The origins of the Advent calendar have been traced back to the early 19th century. Two centuries later, the Advent calendar has retained its popularity. Although traditional Advent calendars featured notes, prayers, or chocolate, modern calendars now contain tea bags, Legos, hand creams, liquor, and scented candles. There’s something for everyone; that’s part of the reason why the calendars are so successful.
In fact, waiting to open a new door each morning was one of my favorite traditions of the days preceding Christmas. I would wake up extra-early to tiptoe into the living room, carefully prying the sweets out of their little compartments. It was exciting, and I would be delighted by the chocolate angels, marzipan-covered piglets, and candy canes I would find.
Even my parents enjoyed the childlike tradition of opening their calendars. My family and I would often congregate in the kitchen after unwrapping the treats, trading those we didn’t like. We didn’t get to spend much time together in the mornings because our schedules were busy, but these short moments at 7:30 a.m.—as a family—were the ones I always cherished most.

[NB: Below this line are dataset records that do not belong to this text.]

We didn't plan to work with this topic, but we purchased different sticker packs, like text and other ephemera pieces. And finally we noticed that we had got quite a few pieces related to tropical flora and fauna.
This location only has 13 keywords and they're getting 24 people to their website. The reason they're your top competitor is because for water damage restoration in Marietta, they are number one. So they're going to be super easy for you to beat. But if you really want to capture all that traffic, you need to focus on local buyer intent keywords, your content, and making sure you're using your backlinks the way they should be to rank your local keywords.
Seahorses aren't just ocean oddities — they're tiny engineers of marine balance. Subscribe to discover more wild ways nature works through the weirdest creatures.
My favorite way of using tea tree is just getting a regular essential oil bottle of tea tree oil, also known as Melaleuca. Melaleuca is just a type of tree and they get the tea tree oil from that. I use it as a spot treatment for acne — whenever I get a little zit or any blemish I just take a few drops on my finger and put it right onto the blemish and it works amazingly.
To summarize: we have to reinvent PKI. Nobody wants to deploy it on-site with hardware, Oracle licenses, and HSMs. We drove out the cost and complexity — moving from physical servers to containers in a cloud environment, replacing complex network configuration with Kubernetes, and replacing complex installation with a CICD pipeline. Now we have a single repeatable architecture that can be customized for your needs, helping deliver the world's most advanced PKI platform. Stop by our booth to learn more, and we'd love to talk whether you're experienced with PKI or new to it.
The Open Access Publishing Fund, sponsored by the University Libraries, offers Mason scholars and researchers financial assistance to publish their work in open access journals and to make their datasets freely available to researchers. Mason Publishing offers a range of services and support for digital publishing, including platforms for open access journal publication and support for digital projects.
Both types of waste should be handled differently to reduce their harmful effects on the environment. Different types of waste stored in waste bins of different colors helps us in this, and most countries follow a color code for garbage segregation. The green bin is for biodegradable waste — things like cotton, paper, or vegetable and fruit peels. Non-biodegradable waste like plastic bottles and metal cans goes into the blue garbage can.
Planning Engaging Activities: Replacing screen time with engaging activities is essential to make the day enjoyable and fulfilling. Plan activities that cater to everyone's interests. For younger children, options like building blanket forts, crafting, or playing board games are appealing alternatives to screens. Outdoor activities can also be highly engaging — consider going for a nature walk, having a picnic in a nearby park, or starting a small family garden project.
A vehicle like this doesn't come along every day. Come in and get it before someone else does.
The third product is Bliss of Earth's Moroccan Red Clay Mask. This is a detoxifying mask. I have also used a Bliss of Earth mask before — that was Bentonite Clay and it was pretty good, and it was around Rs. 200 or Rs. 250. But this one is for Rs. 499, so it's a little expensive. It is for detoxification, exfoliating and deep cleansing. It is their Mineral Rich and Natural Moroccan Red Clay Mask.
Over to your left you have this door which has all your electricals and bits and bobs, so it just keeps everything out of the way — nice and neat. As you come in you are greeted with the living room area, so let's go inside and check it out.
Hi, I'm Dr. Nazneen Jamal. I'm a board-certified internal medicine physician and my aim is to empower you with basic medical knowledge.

My sister and I would regularly have to take exams or finish up projects for school in the weeks before winter break. Amidst the stress, it would always make me smile to come home after a long, cold, winter day and find a leftover piece of Advent calendar candy. My sister and I would sit cross-legged on the living room floor, enjoying the chocolate we had found, talking about the day.
Apart from them being a cherished tradition in our family, I had Advent calendars in school, too. My classrooms in first grade were decorated with homemade calendars stuck to lockers or strung up on the walls. My teacher made sure that everyone had the chance to open the class calendar at least once, and I would be so excited when it was my turn to unwrap one of the presents.
I also made Advent calendars for my friends—filling small Christmas goodie bags with sweets and little letters. Giving Advent calendars to loved ones is a popular tradition. It’s meant to show appreciation for those close to you, a way to express gratitude during the holiday season. My mom even sent off four Advent calendars to New Haven—one for me and one for each of my suitemates.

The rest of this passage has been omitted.